人の縁

先日のことですが、私の8年ほど前の過去記事
にカナダ在住の女性から以下のようなコメントがありました。

「はじめまして。
1980年代に鈴鹿8耐などで活躍された喜多祥介さんのことについてお伺いしたいことがいます。
当方、喜多さんがオートバイレーサーになる前に働いていた大阪の運送会社の社長の娘です。
喜多さんが1983年に鈴鹿8耐で4位入賞された際に新聞紙にくるまったトロフィーをうちの両親に下さいました。
30年以上経ってしまいましたが奥様かご家族にお返しした方が良いと思うのですが連絡先がわかりません。
もし、連絡先などご存知でしたらこちらの連絡先をお知らせします。宜しくお願いします。」

喜多選手はこの8耐カワサキの社内チームで、以降はヨシムラやRTKに所属して活躍されましたが、数年後に事故でこの世を去られます。
私は喜多選手とは直接知り合いではなかったのですが、レース関係の友人や知人には喜多選手と関わりのあった人も多いので、連絡を取ってみました。
イメージ 1
画像は1983年鈴鹿8時間耐久の喜多選手です。

私自身が持ってるチャンネルは六つほど、ヨシムラ関係やカワサキ関係、他にレジェンドライダー系など、思い当たるところに片っ端から連絡をし、さらにそこから何本も枝分かれして、多くの人が情報を探してくれましたが判りません。
やはりご本人が亡くなり、30年以上も経過しているので、時間の壁を感じます。
私は自分のFBにも情報提供のお願いを記事にしました。
すると・・・ なんと、それを見た家内のかつてのママ友から連絡がありました。
なんでも、友達の友達が喜多選手の弟さんと友達らしく、すぐに弟さんと連絡がつきました。
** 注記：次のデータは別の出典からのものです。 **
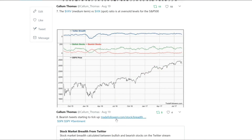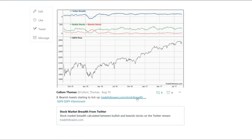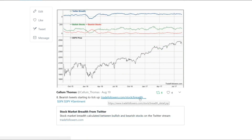Chart number eight is from a website called Trade Followers. These guys track bearish and bullish sentiment on stocks on Twitter based on tweet content. The red line shows the number of bearish stocks, and the blue line shows the breadth of bearish and bullish stocks. The reason this one caught my eye is that the red line has started to move upwards. It works as a bit of a contrarian indicator, and it's another piece of information to have on board. You can check it out at tradefollowers.com — it's their breadth indicator.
結論的にはトロフィーはそのままカナダで大事に保存していただくこととなりました。
83年の8耐4位は、日本人最上位の実に輝かしい記録です。
カナダから私に届いたメールには

「お兄様から頂いたトロフィーは決して粗末に扱わず、これから喜多さんの写真や記事と一緒に私の子供たちや若い子達に夢を追いかけることの大切さや辛さを語り継がせて頂きます。」

と、弟さんへの伝言文が添えられていました。
以上が今回のトロフィーに関する顛末ですが、一連の動きの中で、人の縁や繋がりの不思議さには驚かされました。
このカナダ在住の女性のお父様は、私が前職の駆け出しの頃、そう40年ほど前に数回面識が有った方で、お父様も私のことを覚えておられました。
そして、多くの関係者がそれぞれ思い当たる人に連絡をとったため、最終的には100を超えるチャンネルになって、あちらこちらで疎遠になってた者同士の距離が縮まりました。
私自身も久しぶりに何人もの昔の仲間や関係者と話す機会に恵まれ、お互いの近況報告や思い出話で盛り上がり、何人かとは近いうちに会う約束もしました。
家内のママ友も、かなり疎遠になっていたのですが、近いうちに静岡に遊びに来る話がまとまり、家内も大喜びです。(^O^)
36年前のトロフィーが海を渡り、それがきっかけであの時代にサーキットで情熱を燃やした者同士が旧交を暖めることが出来ました。
これはひょっとすると、喜多選手からの皆へのプレゼントだったのかもしれません。

追記*喜多選手の弟さんからカナダの女性宛てのメッセージが届きましたので追記します。

〇〇 様
素敵なメッセージをありがとうございました。
過去、確かに存在した大きな悲しみや、救いようのない無力感も、時空を隔てた人の心によって、純然たる懐かしさや愛おしさへと昇華し得る事を感じています。
関係してくださった全ての皆さまに感謝します。
喜多〇〇
イメージ 2
カナダからトロフィーの画像が届きましたので、添付します。